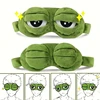 3D Sad Frog Sleep Mask Natural Sleeping Eyeshade Cover Shade Eye Patch Women Men Soft Portable Blindfold Travel Eyepatch 1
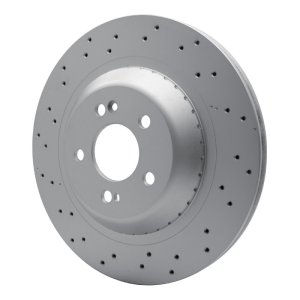 Mercedes-Benz S560 Brake Rotor (1) - Rear - R1 Concepts - GeoSPEC Coated Rotor - Drilled - `14-`21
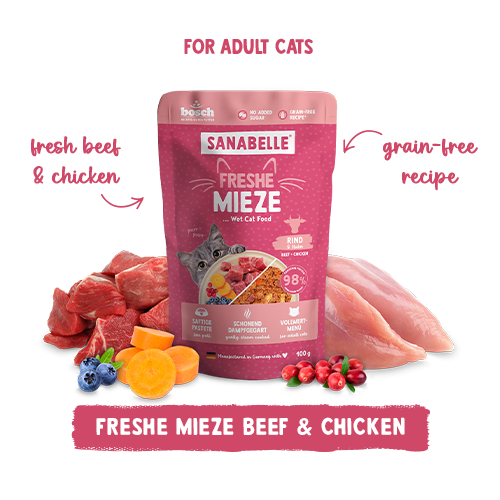 Sanabelle Freshe Mieze - govedina in piščanec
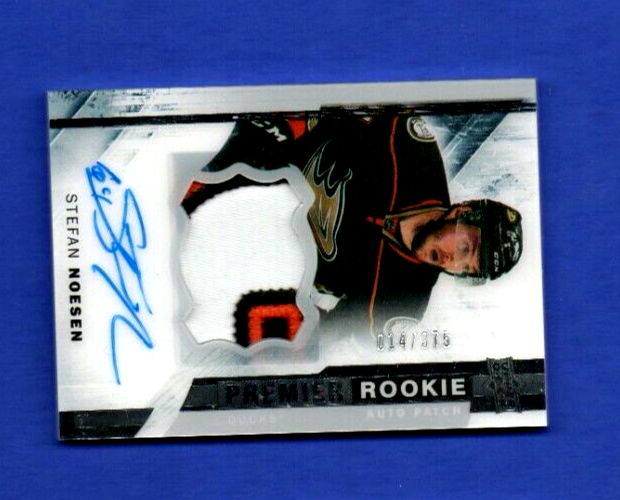 2015-16 UD Premier Stefan Noesen RPA RC Rookie Patch AUTO 014/375 UD RC #76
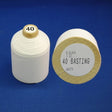 Glazed White Cotton Basting Thread - White, Thread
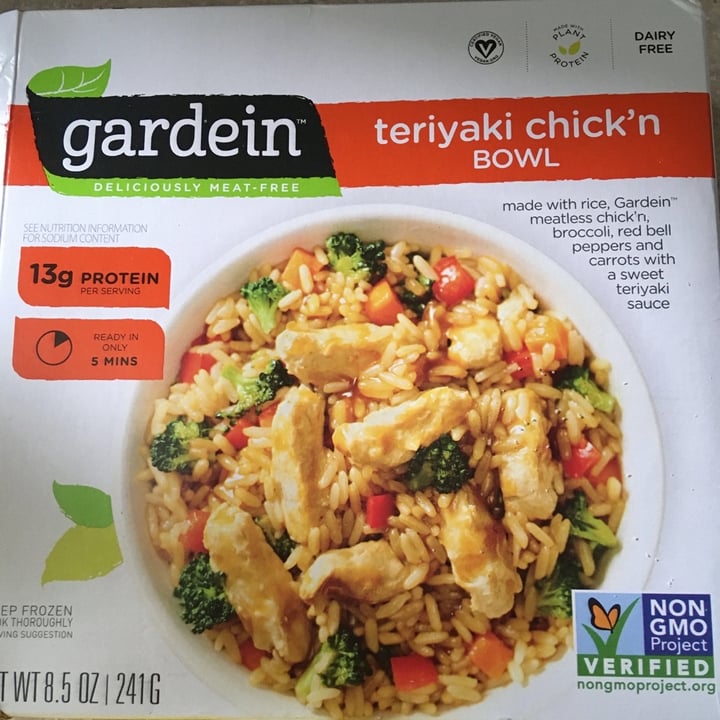 photo of Gardein Teriyaki Chick’n Bowl shared by @veggiehungrygal on  21 Mar 2020 - review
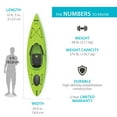 thumbnail image 2 of Lifetime 90766 Revel 10 Sit-Inside Kayak  Lime Green, 2 of 10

::::::::

- DESCRIPTION OF THE TASK
Write out the lines of the listing from the one that holds "Glazed White Cotton" to the very last line, both included, exactly as they appear and without any pictures.

- SOLUTION TO THIS TASK
 Glazed White Cotton Basting Thread - White, Thread
 photo of Gardein Teriyaki Chick’n Bowl shared by @veggiehungrygal on  21 Mar 2020 - review
 thumbnail image 2 of Lifetime 90766 Revel 10 Sit-Inside Kayak  Lime Green, 2 of 10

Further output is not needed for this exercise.